Il nous reste à dire comment nous nous sommes mis à l’abri de cette cause d’erreur ; on ne saurait trop insister sur ces questions de méthode, car ici la méthode est tout. Remarquons tout d’abord que la catalepsie, la léthargie et les états dimidiés, comme l’hémicatalepsie, l’hémiléthargie, l’hémisomnambulisme sont, dans le grand hypnotisme, des états inconscients où la condition des sens et de l’intelligence rend le sujet complètement étranger à ce qui se passe autour de lui ; il est, en effet, nécessaire d’avoir recours à des artifices assez compliqués pour déterminer des suggestions dans ces phases de l’hypnotisme ; et même chez certains sujets, aucun moyen ne réussit. Cependant l’expérience montre que l’aimant transfère un grand nombre de phénomènes dans ces conditions.
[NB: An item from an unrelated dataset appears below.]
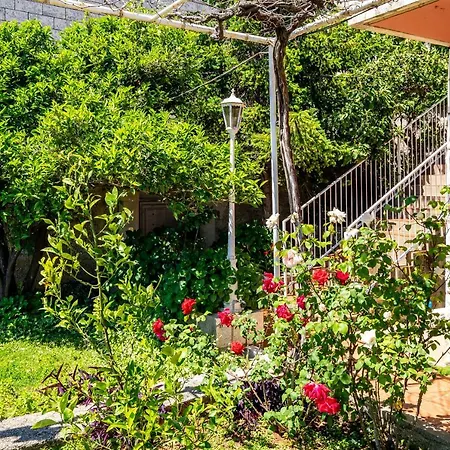 Konukevi Rose Dubrovnik
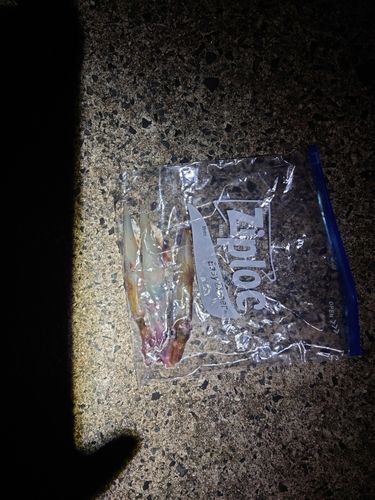 ヤリイカの釣果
La vraie place de l’attention expectante (et par ce nom un peu vague nous désignons les faits que nous avons décrits sous le terme de suggestion inconsciente), sa vraie place est dans le somnambulisme total. Pour parer à ce danger qui est resté, nous pouvons le dire, sans cesse présent à notre esprit, nous avons employé un certain nombre de moyens de contrôle et de vérification ; l’aimant est le seul agent œsthésiogène auquel nous avons eu recours pour opérer le transfert ; tantôt cet aimant a été dissimulé sous un linge, et l’effet ne s’en est pas moins produit ; tantôt on a tourné les pôles de l’aimant dans une direction contraire, et l’on n’a rien obtenu. Toutes ces contre-épreuves ont donné les mêmes résultats et elles nous dispensent d’insister sur d’autres arguments tirés de la complexité, des phénomènes et de leur enchaînement logique, qui ne laissent aucune place à l’intervention active de l’imagination des malades.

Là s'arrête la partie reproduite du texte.